Keep an Eye Filmacademie Festival 2016

Research presentation 2

Dawood Hilmandi - BREATHLESS SHAMELESS FRAMELESS - cinema selon Godard

Afghanistan and Switzerland may be far away but the visual iconography of both these mountainous countries cannot be closer. Imagine the famous 15th century Swiss revolutionary / terrorist, William Tell with his arrow and apple bringing havoc to his Austrian Colonizers, but then just for one minute update this image to the 9/11 attacks and its instigator, Osama bin Laden. I only say all this, not to applaud violence, but simply to show that even thousands of miles away and approximately 500 years in time, the strains of history are connected, even in the most unimaginable ways.

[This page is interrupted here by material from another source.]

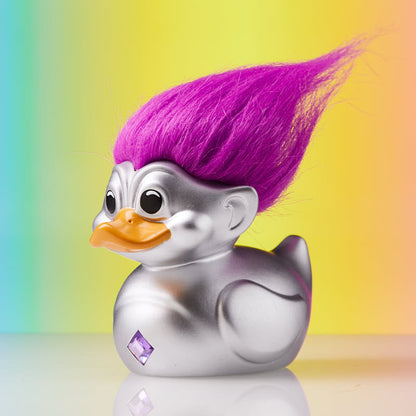 Canard Silver Troll - PRECOMMANDE*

And the cinematic layout was always there; beyond the gorgeous mountains of both our respective countries, beyond the fact we both posses three main tribes, beyond the fact that we are both land-locked and beyond the fact we both had/ have enemies everywhere surrounding us and we always welcomed our anarchist guests. Sometimes we are too kind to our guests for better and worse. But beyond all those facts, the Swiss finally had a Pact of Grutli that united them once and for all. And we, the Afghans are still are going through our version of it, called the loya Jirga with our 3 main tribes. And here I stand before you, an Afghan / Dutch, imagining the past, watching the present and having a crazy affinity to this Master of cinema called Jean-Luc Godard.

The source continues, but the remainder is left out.